How-to: Use the RICE model to determine what to develop and when

At any moment, there are a million things to do, and single digit resources with which to do them. Deciding what your time is best spent doing is important in getting the most bang for your buck, but how do you decide what that is? I’ve started using the RICE method as one tool in the toolbox, which takes ‘Business Value’ and ’T-shirt sizing’ to the next level.

RICE stands for Reach, Impact, Confidence, Effort, and they combine to make a powerful metric that cuts through the noise and helps make better decisions about what to develop.

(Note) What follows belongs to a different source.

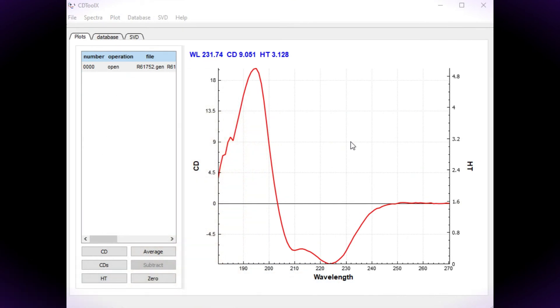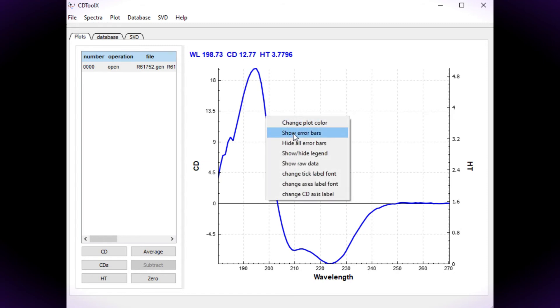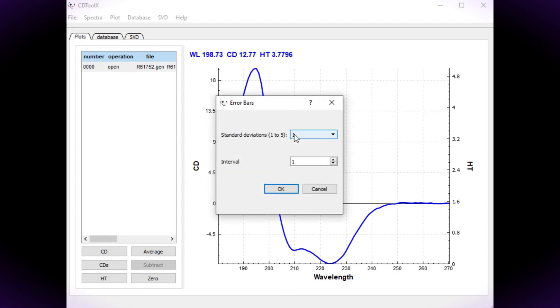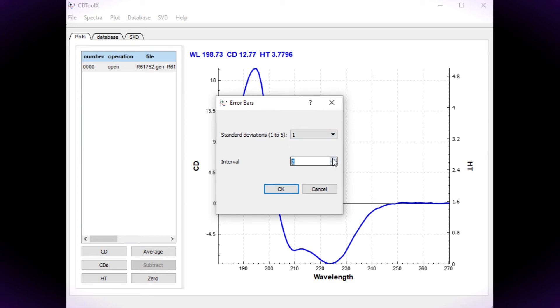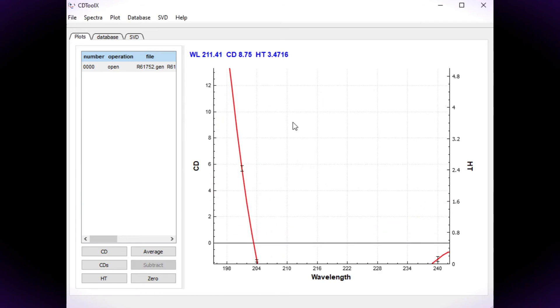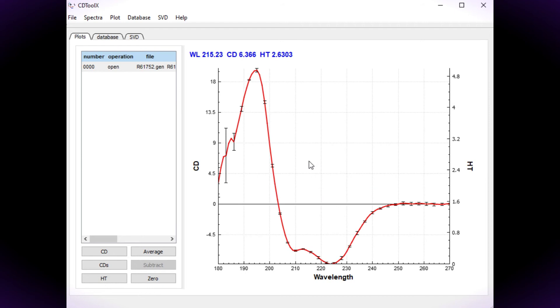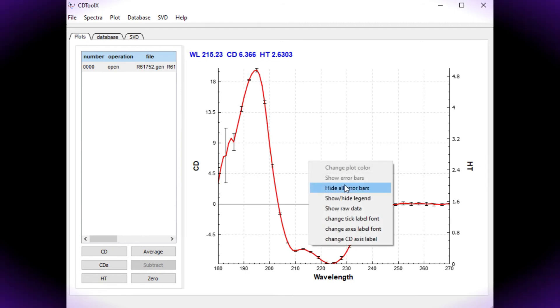The error bars can be displayed on the plot. Select the spectrum which will turn blue when selected. Right click and choose Show Error Bars from the menu. There is a choice of 1-5 standard deviations and any wavelength interval. To remove the error bars, right click and choose Hide All Error Bars.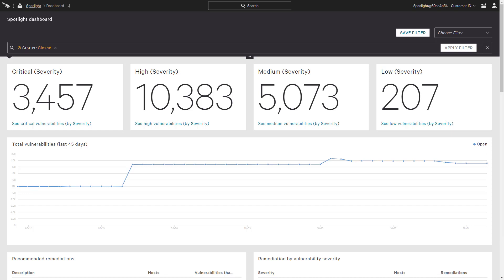Organizations have historically been reliant on CVSS severity scoring to help prioritize vulnerability remediations. Unfortunately, that single data point is often not enough to drive an effective patching strategy.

Reach x Impact x Confidence / Effort

R—Reach

This is the number of people you expect would benefit from doing a particular option. If you’re using RICE in the context of sales, then it would be the number of customers you can potentially convert. If it’s in the context of maintenance or technical debt, it would be the number of people-hours saved from inconvenience.

I—Impact

Is a bounded score that measures the expected impact of an option, for instance, 1-to-10, where 1 is minimal impact, and 10 is a massive impact.

C—Confidence

High confidence is 100%, Medium confidence is 80%, and low confidence is 50%. Anything lower should be considered a moonshot.

E—Effort

This is to get an idea of how much work is involved. This can be person-hours, or for large projects, person-months. Consistency in comparison is what matters.

Once you have all four: Reach, Impact, Confidence and Effort determined, you can then calculate the RICE score and end up with a definitive metric for comparison and determining order.